(Beginning of Record set)
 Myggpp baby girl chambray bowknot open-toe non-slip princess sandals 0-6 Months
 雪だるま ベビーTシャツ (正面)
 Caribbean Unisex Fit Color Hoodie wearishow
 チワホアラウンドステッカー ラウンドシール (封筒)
(End of Record set)
(Beginning of Record set)
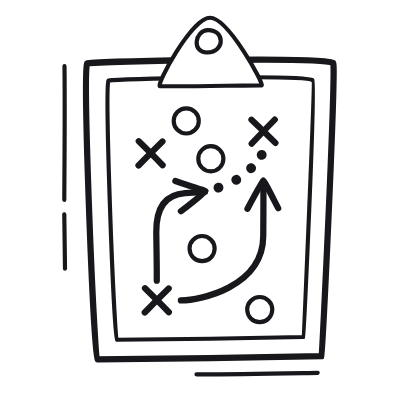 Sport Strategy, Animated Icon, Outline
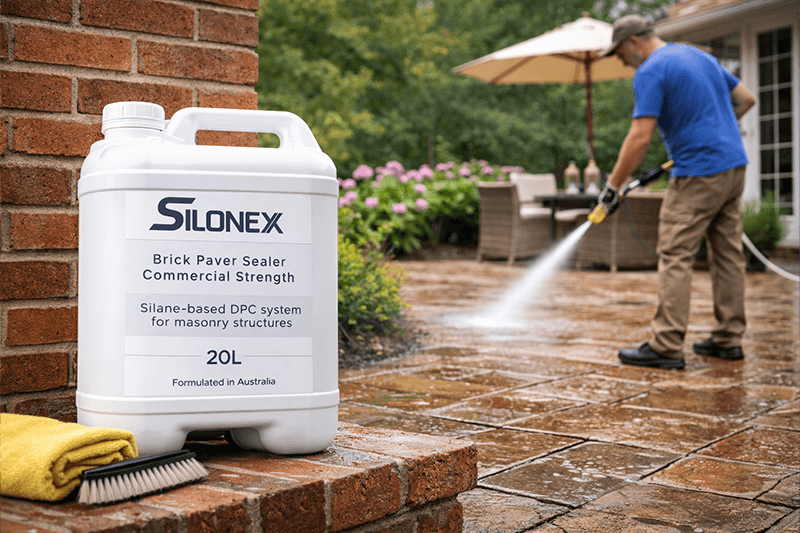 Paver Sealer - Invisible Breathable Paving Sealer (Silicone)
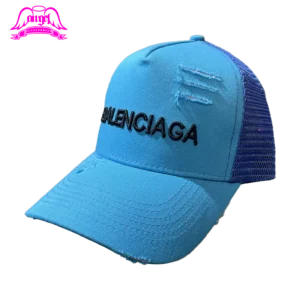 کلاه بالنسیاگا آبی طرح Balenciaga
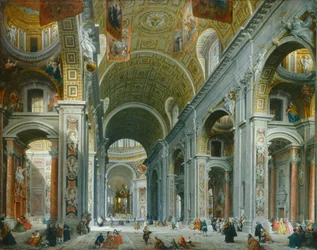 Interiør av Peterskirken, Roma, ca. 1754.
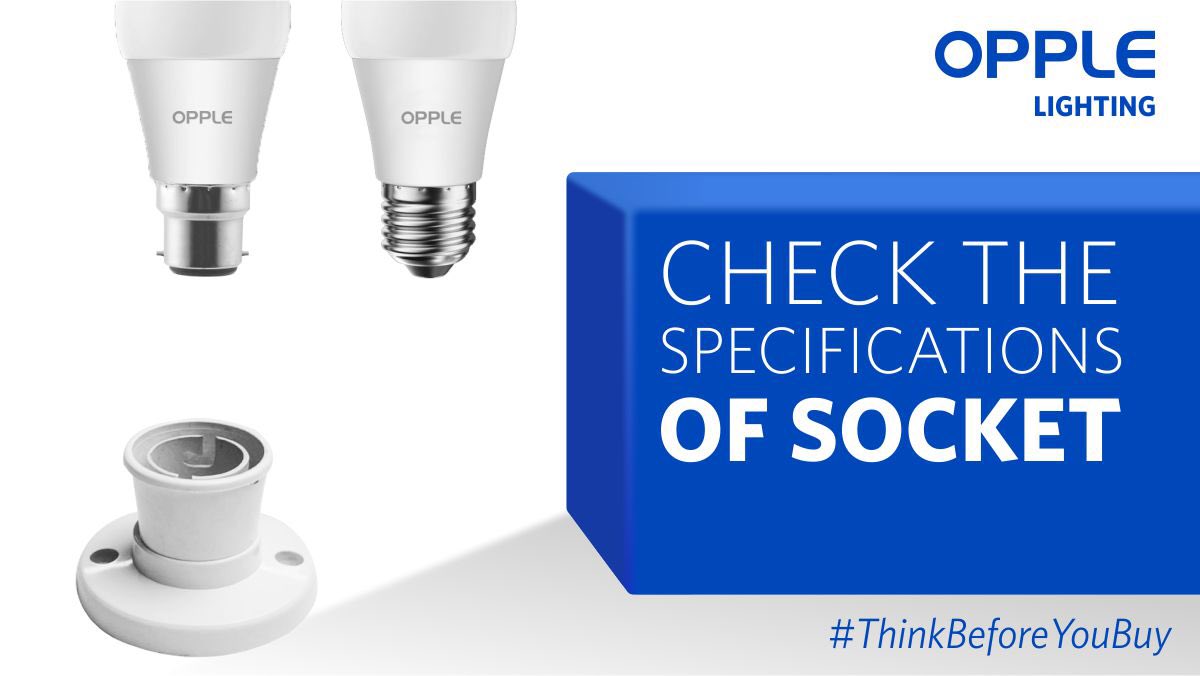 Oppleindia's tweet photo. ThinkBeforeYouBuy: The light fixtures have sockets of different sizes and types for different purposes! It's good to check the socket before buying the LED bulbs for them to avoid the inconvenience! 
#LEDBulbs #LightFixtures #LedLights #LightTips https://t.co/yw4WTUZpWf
(End of Record set)
- Work instruction: Leave the pictures out. Output, exactly, the lines of the material above starting at the line containing "Sport Strategy, Animated Icon, Outline" and ending at the line containing "#LEDBulbs #LightFixtures #LedLights".

- Answer to this exercise:
 Sport Strategy, Animated Icon, Outline
 Paver Sealer - Invisible Breathable Paving Sealer (Silicone)
 کلاه بالنسیاگا آبی طرح Balenciaga
 Interiør av Peterskirken, Roma, ca. 1754.
 Oppleindia's tweet photo. ThinkBeforeYouBuy: The light fixtures have sockets of different sizes and types for different purposes! It's good to check the socket before buying the LED bulbs for them to avoid the inconvenience! 
#LEDBulbs #LightFixtures #LedLights #LightTips https://t.co/yw4WTUZpWf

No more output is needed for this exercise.